Genau das ist bei Zuzana Ferjenčíková der Fall. Ihr Spiel berührt nicht nur den Verstand des Musikliebhabers, sondern ergreift das Herz des mit Sehnsucht suchenden Menschen nach dem, was erfüllt und beglückt. Man spürt, dass sie nicht nur die Orgel spielt, sondern dass sie mit der Musik eine tief geistige Botschaft vermittelt, die weit über den Augenblick hinausweist. Dazu kommt, dass sie gerade nicht auf altbekanntes Repertoire zurückgreift, sondern eigene Transkriptionen vorstellt – mutige, feinfühlige Bearbeitungen, die das Instrument zum Strahlen bringen.
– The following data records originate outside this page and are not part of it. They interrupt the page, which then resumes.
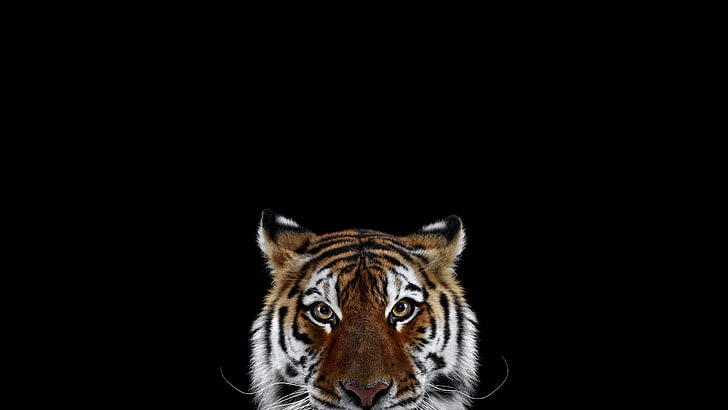 fotografia, mamíferos, gato, tigre, fundo simples, grandes felinos, animais, HD papel de parede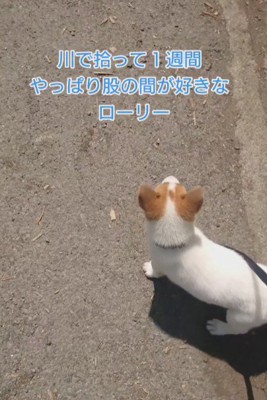 ローリーちゃんのお気に入りは…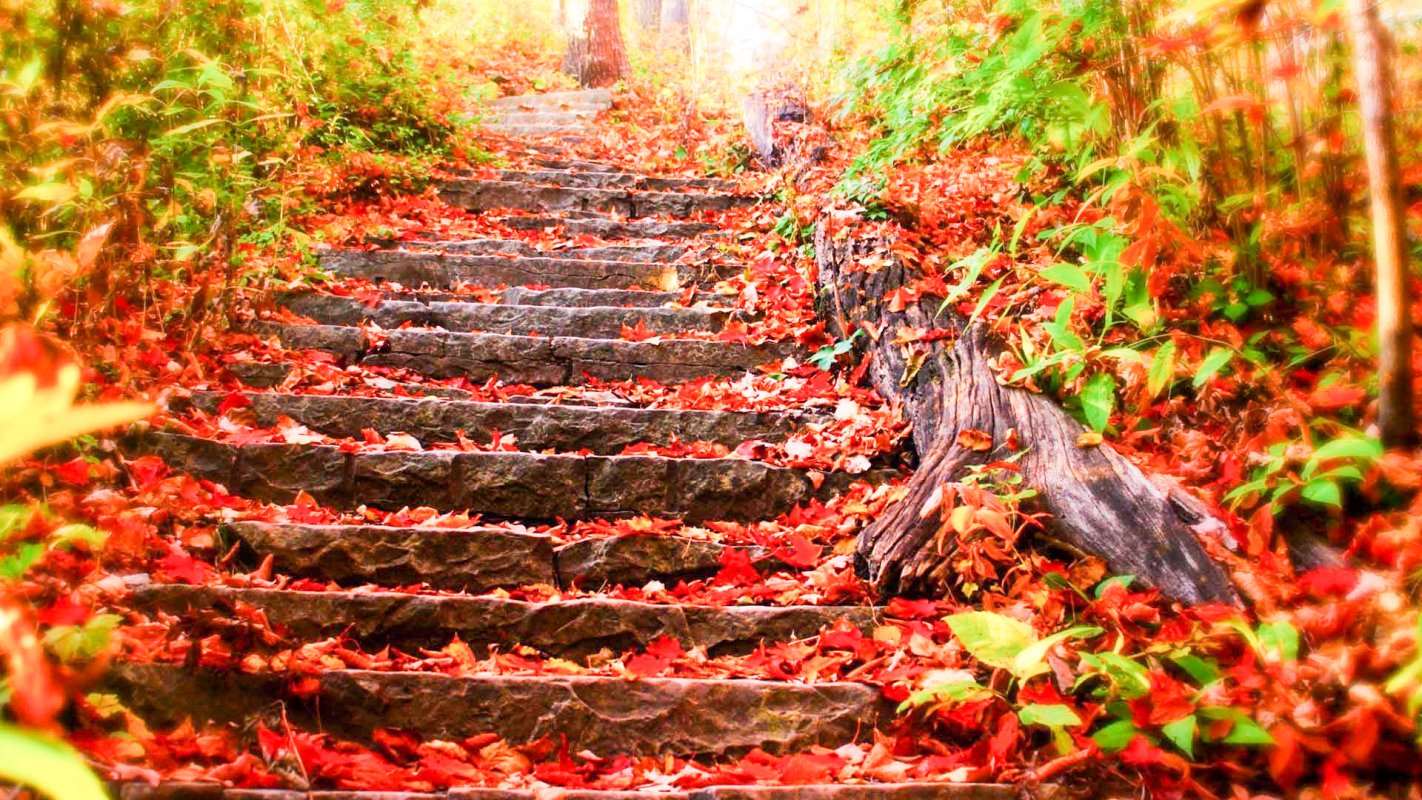 Lecţii de viaţă 42444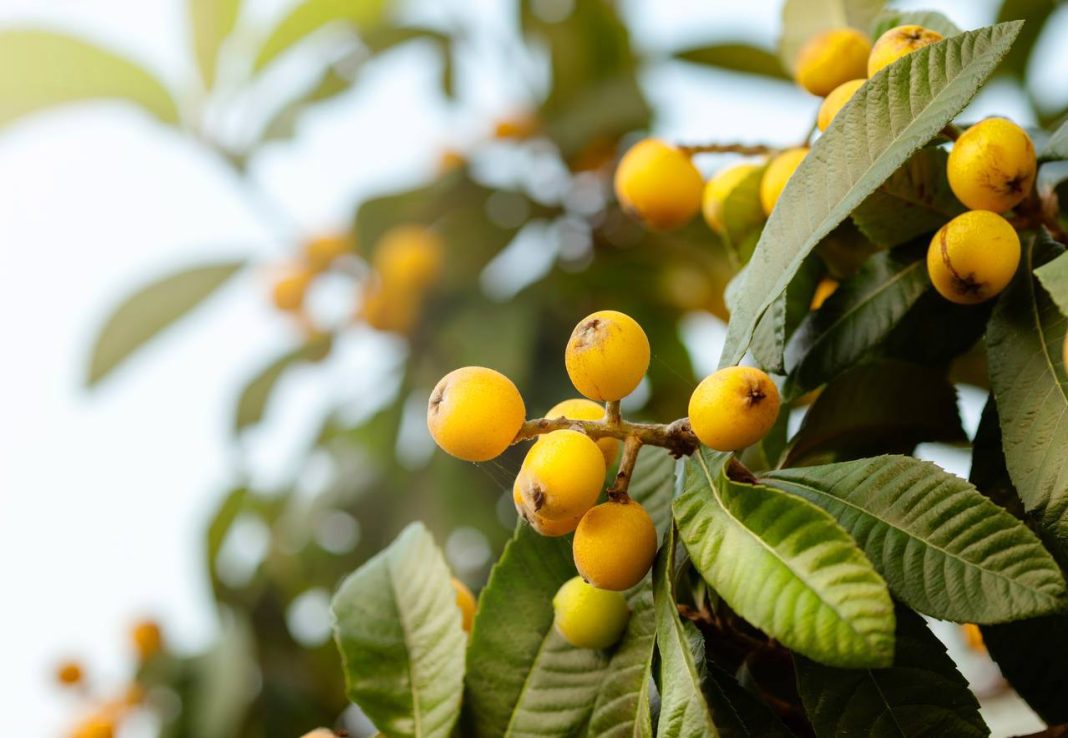 На вечнозеленых деревьях Сириуса созревает мушмула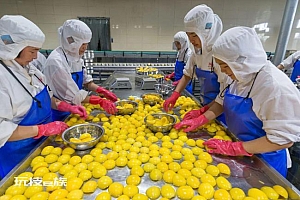 山东地方镇黄桃罐头订单暴涨 企业:平常心平常心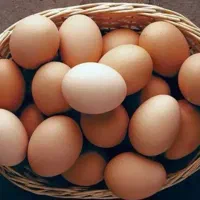 تخم مرغ محلی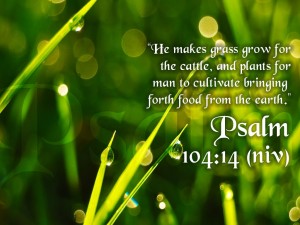 Psalm 104:14 – He is A Great Provider Papel de Parede Imagem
So eröffnet die CD mit Beethovens Sonate Pathétique fulminant, führt über Mozarts fast schwermütig anmutendes Adagio h-Moll und drei Stücke aus den Kinderszenen von Schumann bis hin zu Liszt – und erreicht damit einen Höhepunkt der Orgeltranskriptionskunst.
3. Eine Aufnahmetechnik, die den Klangraum vollkommen erfasst.
Hier leistet Christoph Martin Frommen Außergewöhnliches: Die Aufnahme ist kristallklar, von räumlicher Tiefe und Balance, wie man sie sich besser kaum vorstellen kann. Jede Nuance der Orgel wird eingefangen – vom hauchzarten Pianissimo bis zum monumentalen Fortissimo – und vermittelt dem Hörer nicht nur die Klangschönheit des Instruments, sondern auch die akustische Atmosphäre der herrlichen gotischen Hallenkirche von St. Peter und Paul in Ratingen.
Das Booklet, gewohnt sorgfältig von Aeolus gestaltet, rundet das Hörerlebnis ab: Fundierte Informationen zur Orgelgeschichte mit zum Beispiel historischen Bildern vom Aufbau der Orgel im Jahr 1953, zur Künstlerin und zu den Werken laden dazu ein, beim Hören in die Hintergründe einzutauchen.
Für mich ist die CD mit dem passenden Titel Passion ein Ereignis: eine leidenschaftliche Einspielung, die Maßstäbe setzt und die ich zu den besten Orgel-CDs der letzten Jahre zähle. Sie ist ein Hörgenuss, ein klingendes Dokument der Lebendigkeit einer einzigartigen Orgel – und somit ein heißer Tipp zum Verschenken. Dies gilt für alle Gelegenheiten, da man lieben Freunden besinnliche, ergreifende und trostvolle 75 Minuten Musik schenken und damit eine echte Freude bereiten möchte.